## Available data
=-=-=

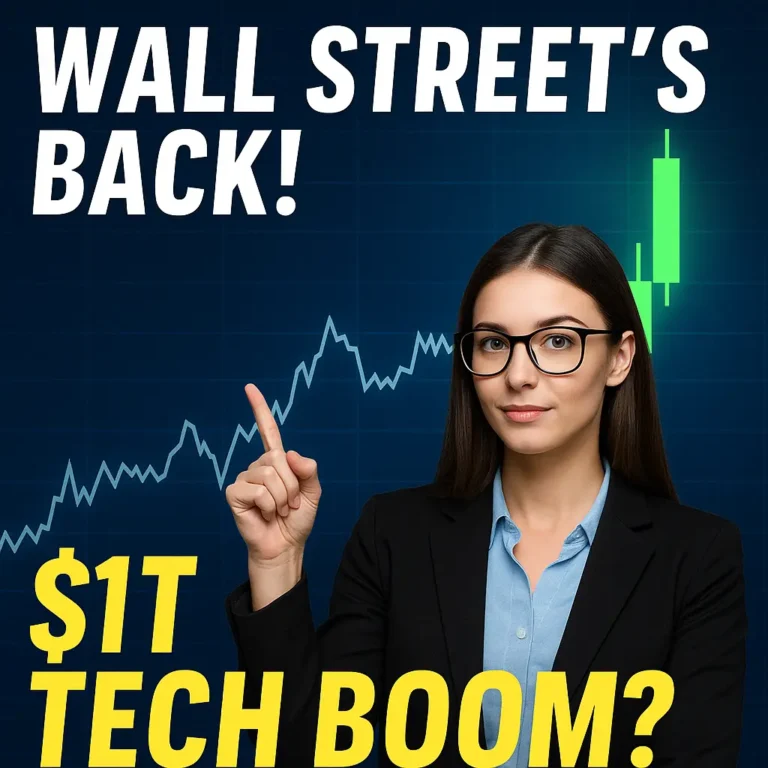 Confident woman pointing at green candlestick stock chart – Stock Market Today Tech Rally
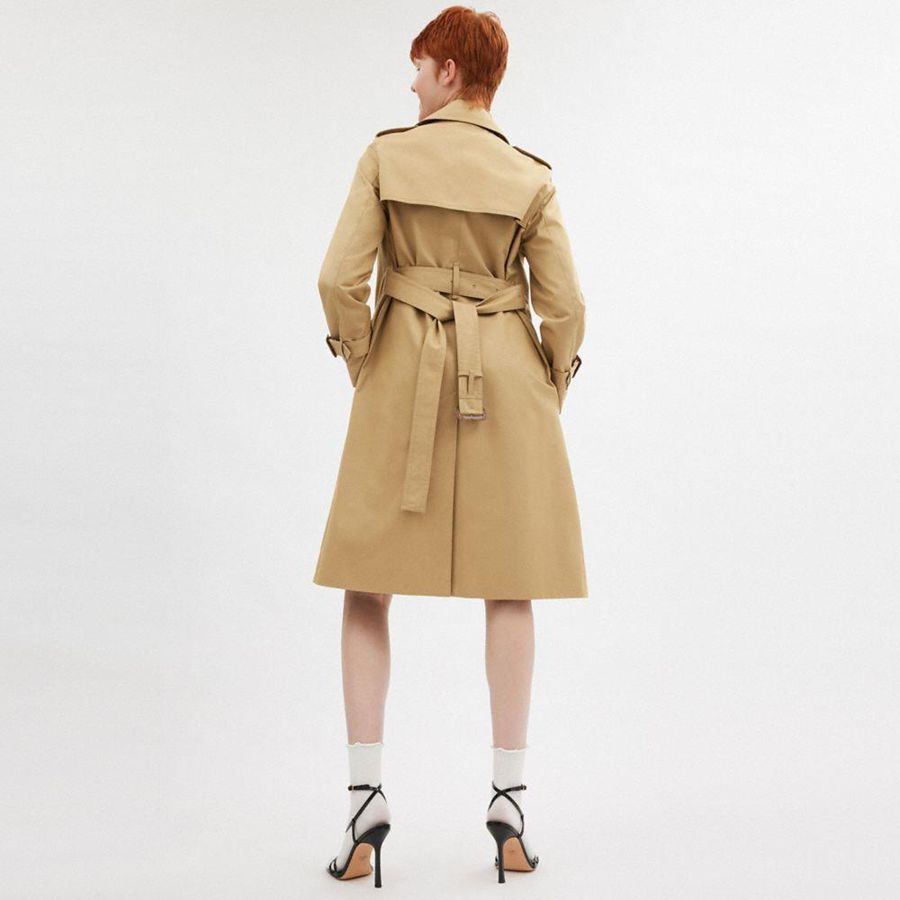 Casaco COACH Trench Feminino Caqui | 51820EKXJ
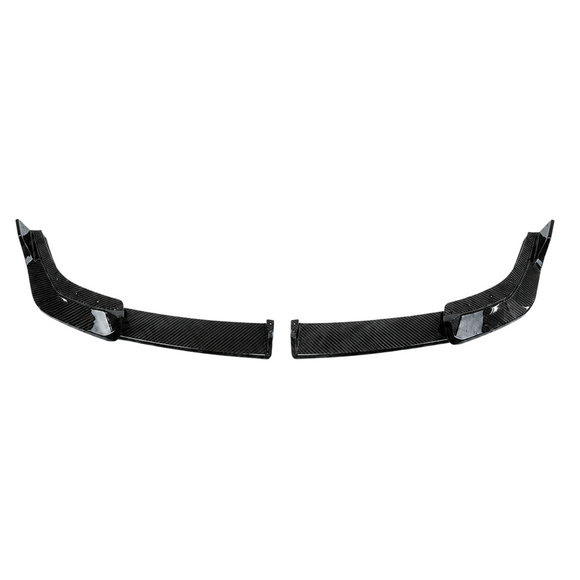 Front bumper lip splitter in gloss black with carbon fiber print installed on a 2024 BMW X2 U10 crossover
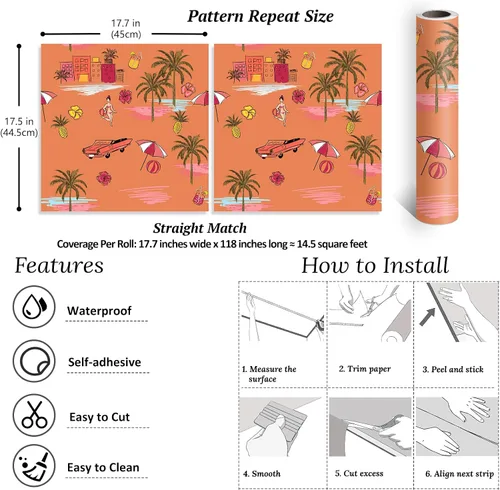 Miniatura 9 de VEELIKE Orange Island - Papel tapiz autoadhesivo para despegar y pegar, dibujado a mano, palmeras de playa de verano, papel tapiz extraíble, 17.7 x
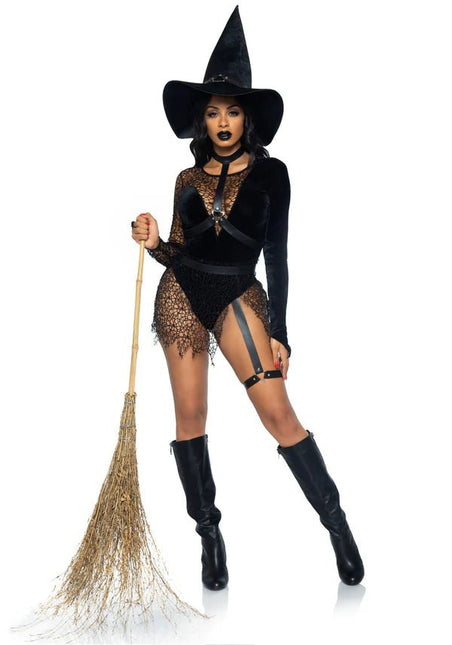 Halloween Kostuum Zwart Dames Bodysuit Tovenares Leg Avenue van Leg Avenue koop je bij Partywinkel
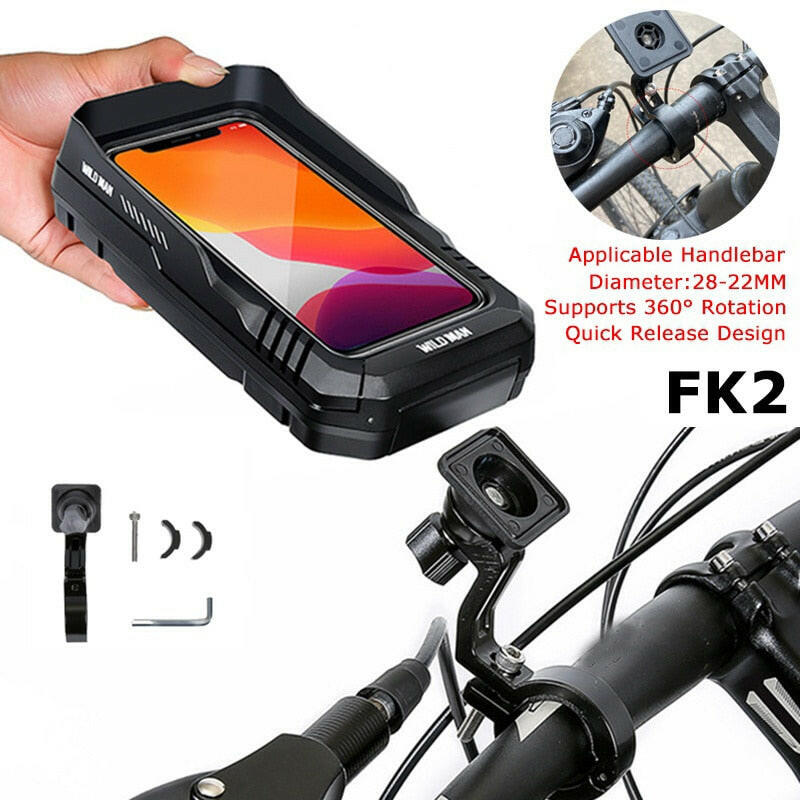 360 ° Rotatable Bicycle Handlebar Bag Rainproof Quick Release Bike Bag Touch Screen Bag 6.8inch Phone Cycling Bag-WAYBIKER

=-=-=

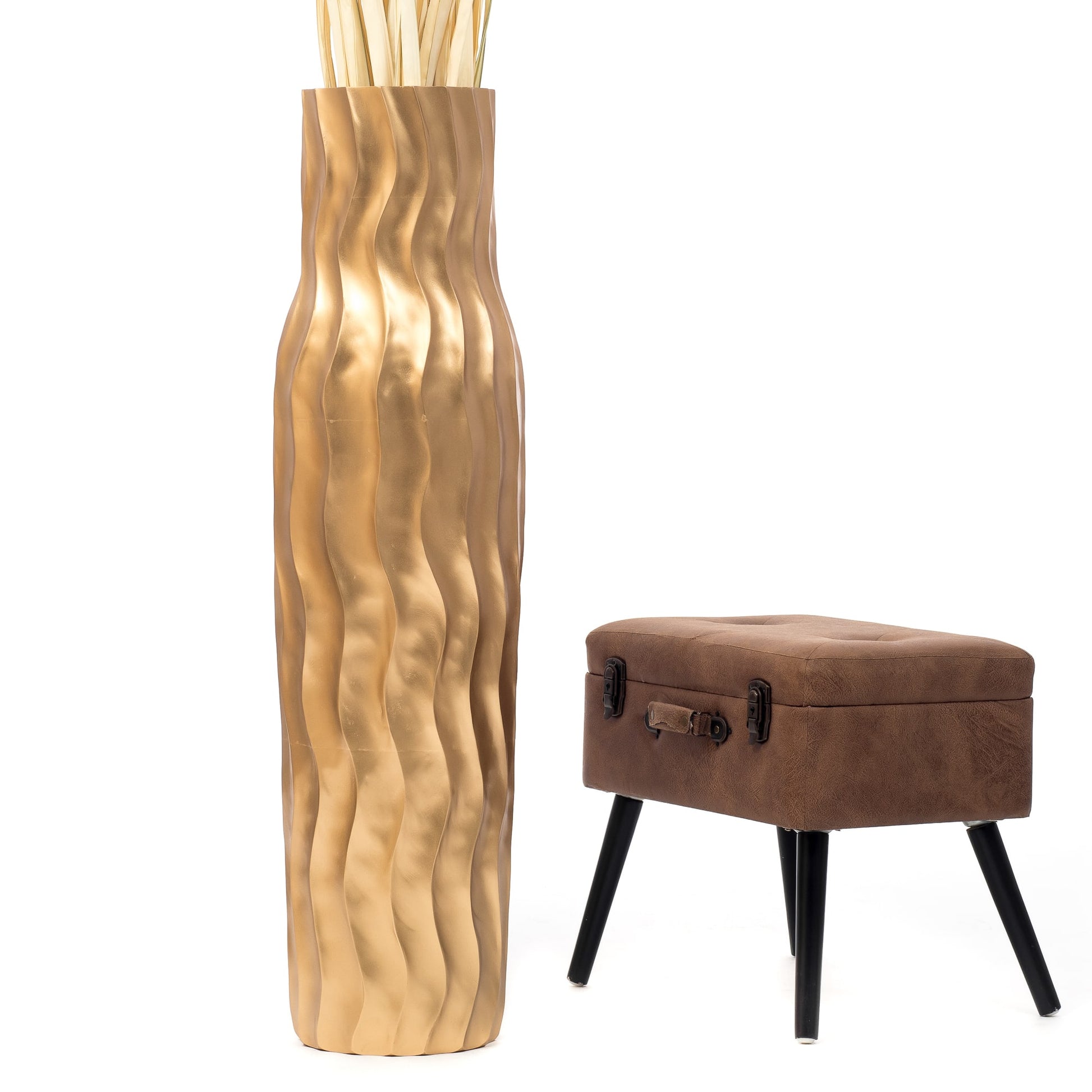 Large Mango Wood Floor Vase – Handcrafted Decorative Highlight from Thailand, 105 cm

=-=-=

## Task instructions
Within the material above, only the stretch from the line holding "Confident woman pointing" through the line holding "Miniatura 9 de" is to be restated exactly. Pictures are dropped.

## Answer section
 Confident woman pointing at green candlestick stock chart – Stock Market Today Tech Rally
 Casaco COACH Trench Feminino Caqui | 51820EKXJ
 Front bumper lip splitter in gloss black with carbon fiber print installed on a 2024 BMW X2 U10 crossover
 Miniatura 9 de VEELIKE Orange Island - Papel tapiz autoadhesivo para despegar y pegar, dibujado a mano, palmeras de playa de verano, papel tapiz extraíble, 17.7 x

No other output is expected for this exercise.